Retype the data that follows line by line, exactly, and leave its pictures out.
--- MATERIAL PROVIDED ---
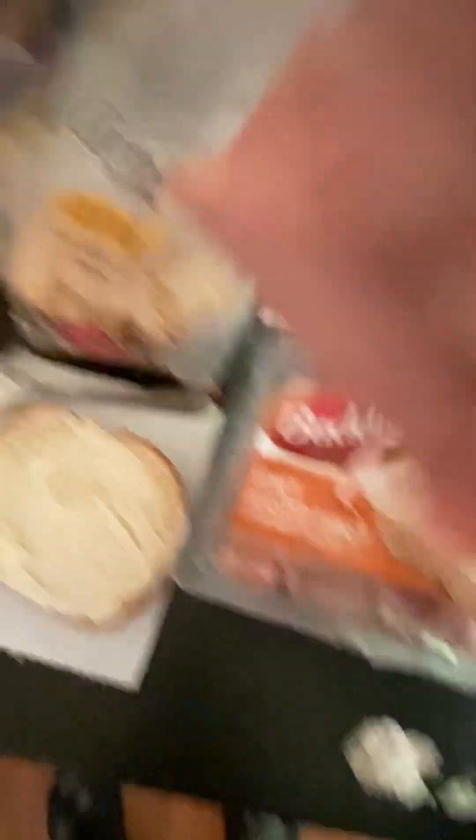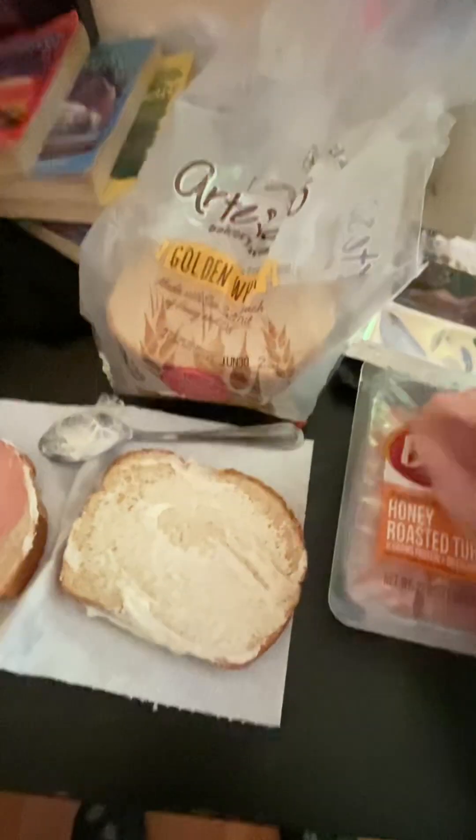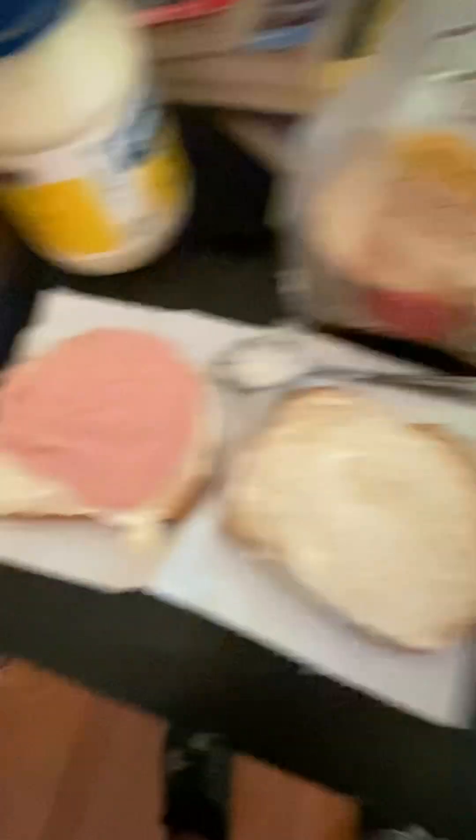Now we're gonna add the turkey. Right there. We're gonna add another one. You only need two — actually three, let's just do one more. Actually, I'll just keep it like that. Two turkeys, and now we're gonna add the cheese.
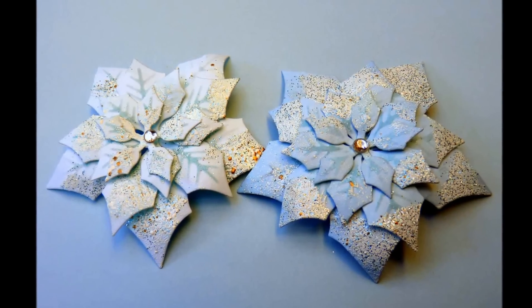And now we have a beautiful poinsettia. I hope you've enjoyed my tutorial. Thank you so much for joining me.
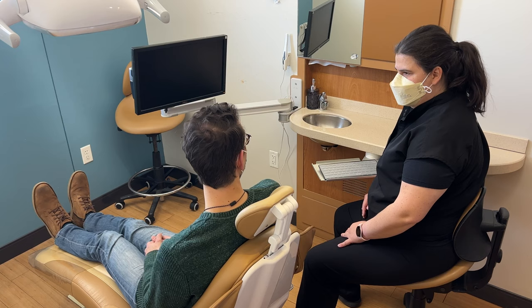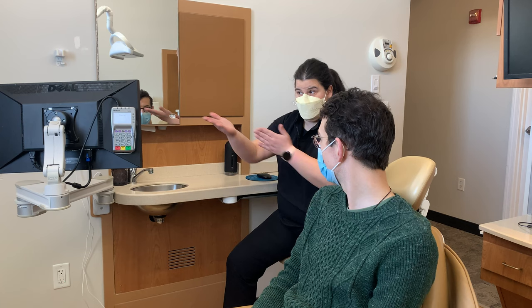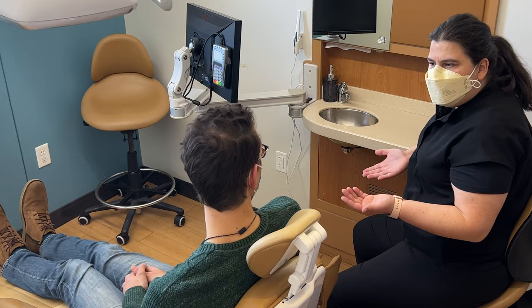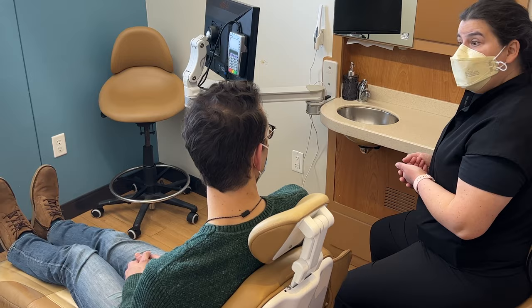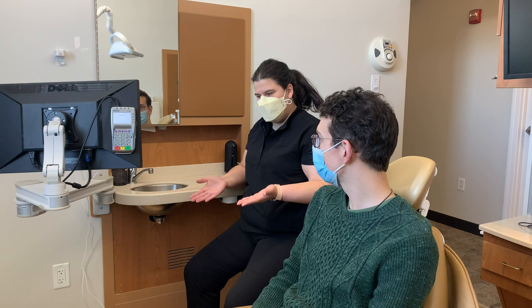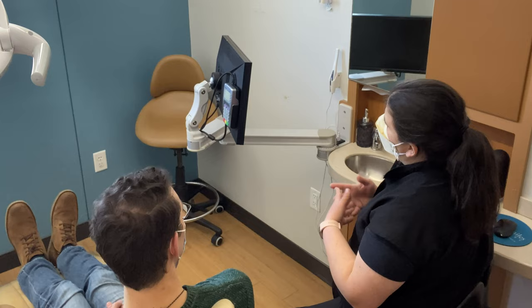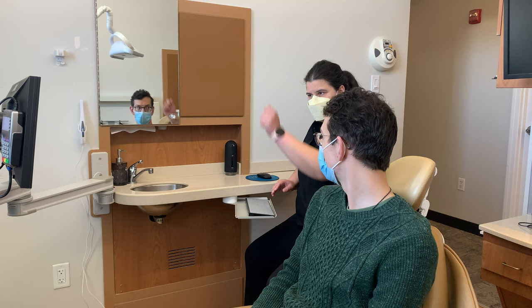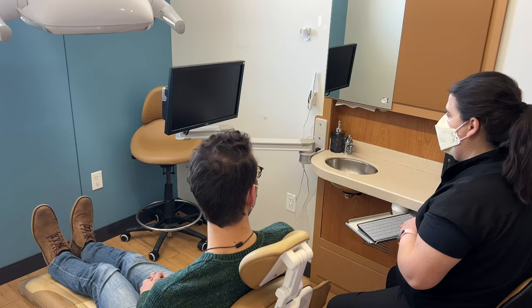An even nicer feature of this same monitor is that as a hygienist, you might have a particular product a patient would be interested in purchasing — maybe fluoride varnish, a prescription toothpaste, something special only available here. You don't even have to go all the way out to the front desk for that. We can do your in-operatory checkout right here using a credit card swipe. Some offices will choose to use an iPad with a Square — there are a couple of different ways to do it. Your keyboard allows you to process the transaction, run the card, and the patient can go on their way.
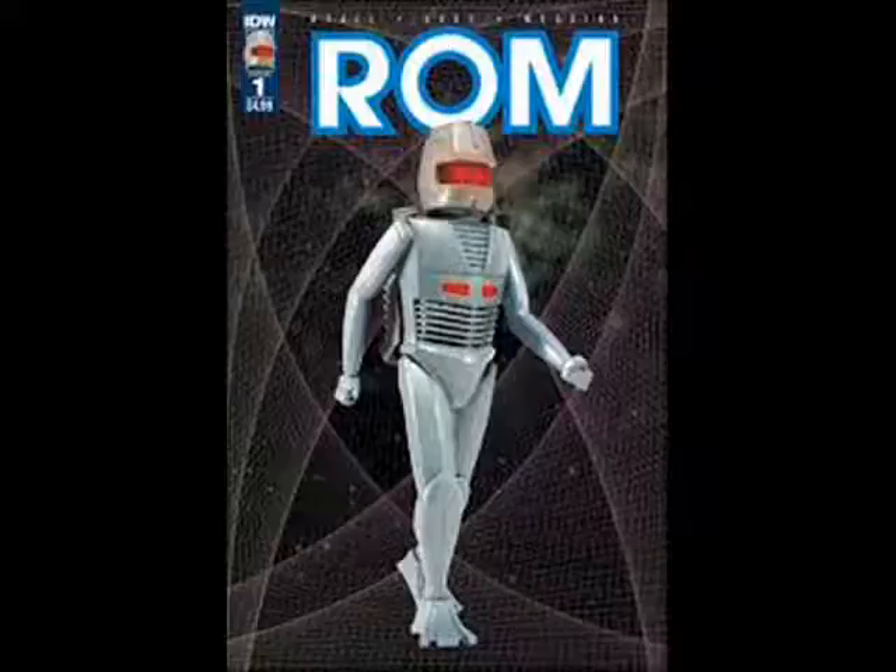Here's hoping ROM The Space Knight will be a mainstay in Marvel Comics from now on. Thanks everybody, bye.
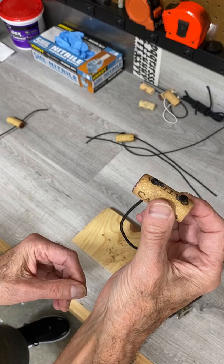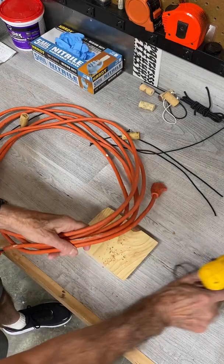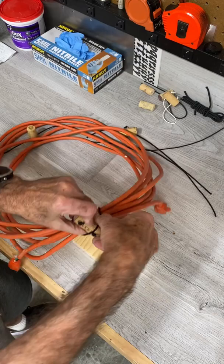Now what these really work well for is if you've got an extension cord or some other kind of cable — you can take this cork and just simply put it around that cable and it'll keep that cable organized and easy to store. And it won't be coming unraveled on you. It's a great little trick.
---
# SOLUTION BELOW
Now we're gonna add the turkey. Right there. We're gonna add another one. You only need two — actually three, let's just do one more. Actually, I'll just keep it like that. Two turkeys, and now we're gonna add the cheese.
And now we have a beautiful poinsettia. I hope you've enjoyed my tutorial. Thank you so much for joining me.
An even nicer feature of this same monitor is that as a hygienist, you might have a particular product a patient would be interested in purchasing — maybe fluoride varnish, a prescription toothpaste, something special only available here. You don't even have to go all the way out to the front desk for that. We can do your in-operatory checkout right here using a credit card swipe. Some offices will choose to use an iPad with a Square — there are a couple of different ways to do it. Your keyboard allows you to process the transaction, run the card, and the patient can go on their way.
Here's hoping ROM The Space Knight will be a mainstay in Marvel Comics from now on. Thanks everybody, bye.
Now what these really work well for is if you've got an extension cord or some other kind of cable — you can take this cork and just simply put it around that cable and it'll keep that cable organized and easy to store. And it won't be coming unraveled on you. It's a great little trick.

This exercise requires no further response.